Cable / Telecom News

Bell looks to raise $1B through debenture offer


MONTREAL – Bell Canada announced the public offering of $1 billion worth of medium term debentures to pre-fund its debt repayments.

The debentures, which will be dated June 29, 2009 and mature on June 30, 2014, will be issued for $99.842 for a yield to the investor of 4.886% compounded semi-annually.

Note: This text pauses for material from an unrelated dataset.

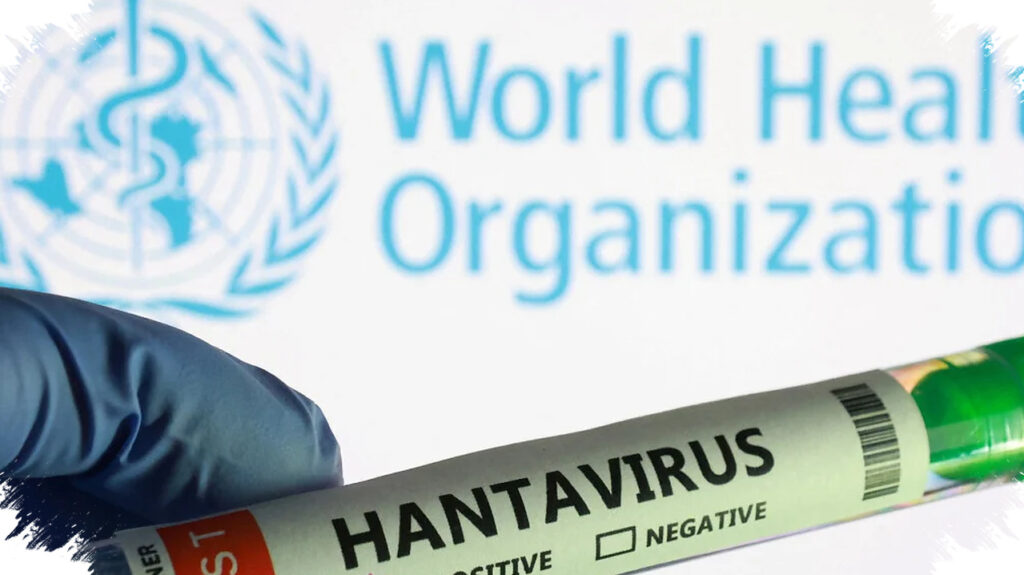 Pasien Israel Terinfeksi Hantavirus, Jenis Eropa Ini Masih Dalam Pengawasan Ketat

Bell Canada parent BCE Inc. will “fully and unconditionally” guarantee the debentures, the press release read.

A prospectus supplement to the short form base shelf prospectus dated June 13, 2007, will be filed with the various securities regulatory authorities in all of the provinces of Canada.

Moody’s Investors Service gave the senior unsecured notes a Baa1 rating, the same rating as the company’s existing senior unsecured debt obligations.

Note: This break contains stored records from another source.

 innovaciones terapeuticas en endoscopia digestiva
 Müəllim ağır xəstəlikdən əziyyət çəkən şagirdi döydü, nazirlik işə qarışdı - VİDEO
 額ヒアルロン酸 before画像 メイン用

"We expect that Bell Canada will use the proceeds of the new debt issue to pre-fund 2009 and 2010 debt maturities and that any surplus will be used for purposes that either reduce non-debt liabilities or enhance the company’s cash flow generating capacity" said Moody’s vice president and senior credit officer Bill Wolfe, in a statement.

Calling the transaction “opportunistic”, Wolfe also noted that Bell did not need to raise funds in order to repay near term debt maturities.